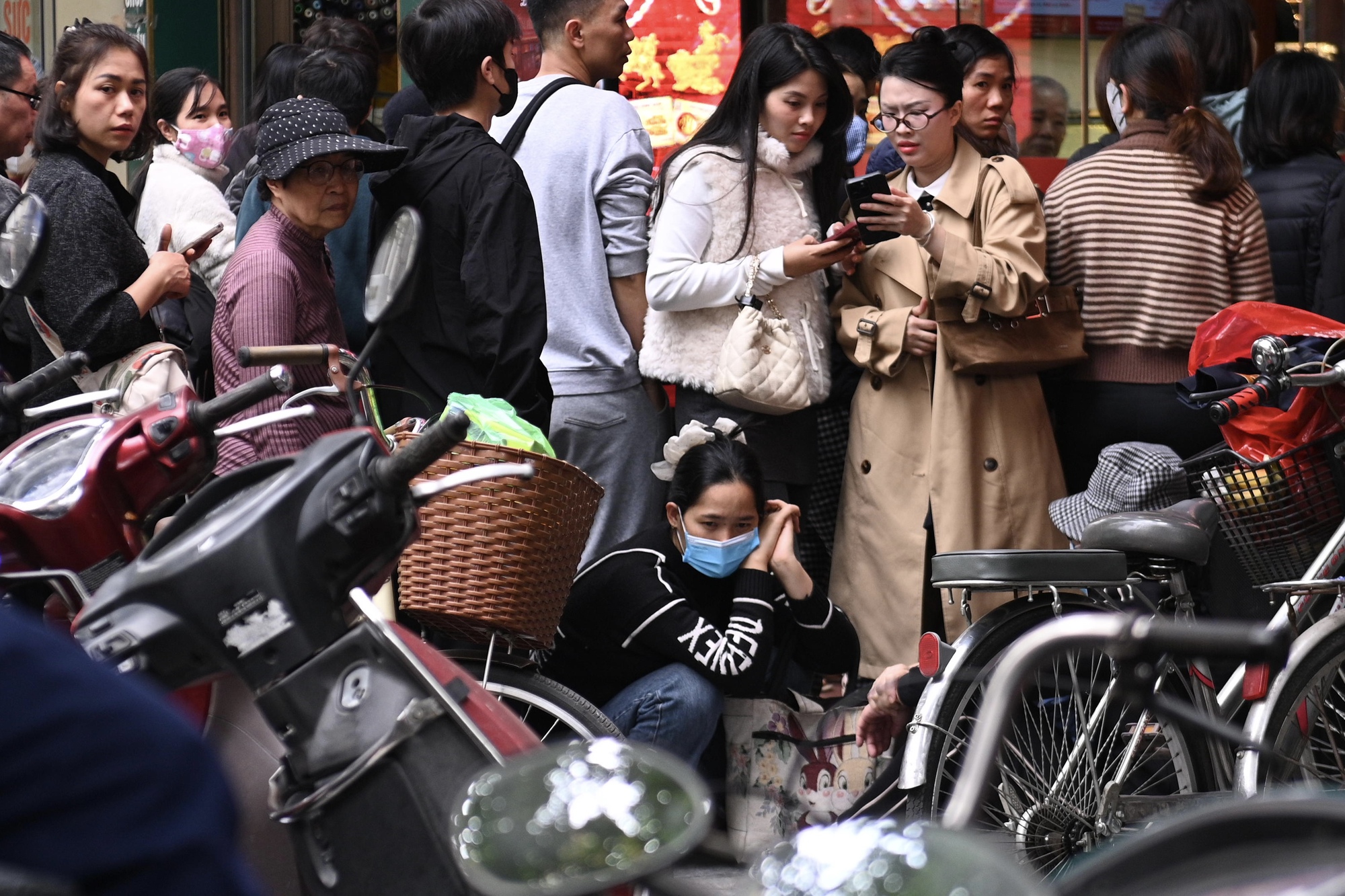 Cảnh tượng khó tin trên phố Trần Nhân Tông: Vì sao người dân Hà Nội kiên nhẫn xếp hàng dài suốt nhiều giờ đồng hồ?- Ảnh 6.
--
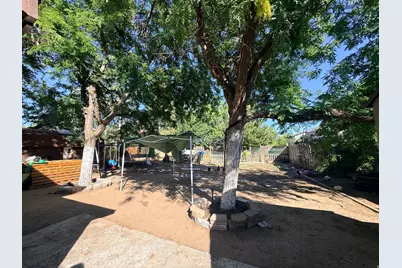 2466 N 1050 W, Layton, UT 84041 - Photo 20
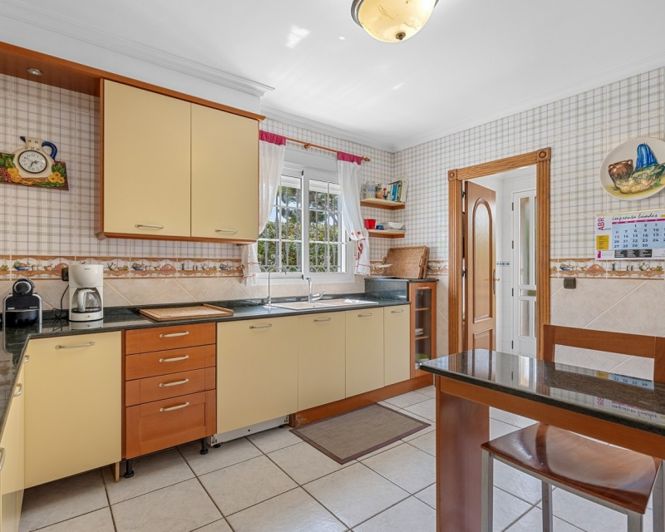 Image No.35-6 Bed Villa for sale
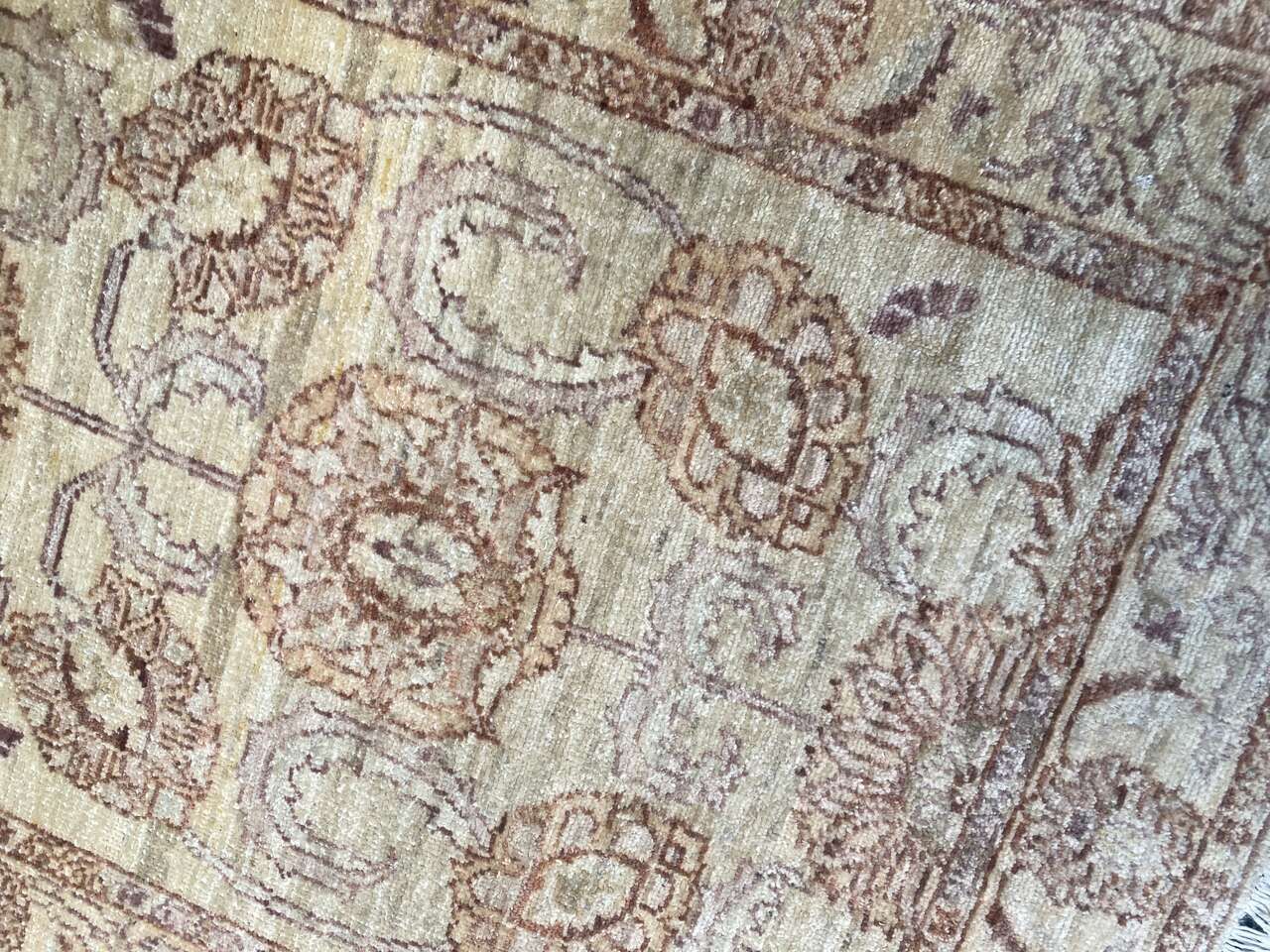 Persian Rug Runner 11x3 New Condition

_REQUIRED WORK_. Would you give again, exactly, the lines in the data above that run from the line containing "2466 N 1050 W, Layton, UT 84041 - Photo 20" to the line containing "Persian Rug Runner 11x3 New Condition"? Include both ends and no pictures.

_RESPONSE FOR THIS EXERCISE_.
 2466 N 1050 W, Layton, UT 84041 - Photo 20
 Image No.35-6 Bed Villa for sale
 Persian Rug Runner 11x3 New Condition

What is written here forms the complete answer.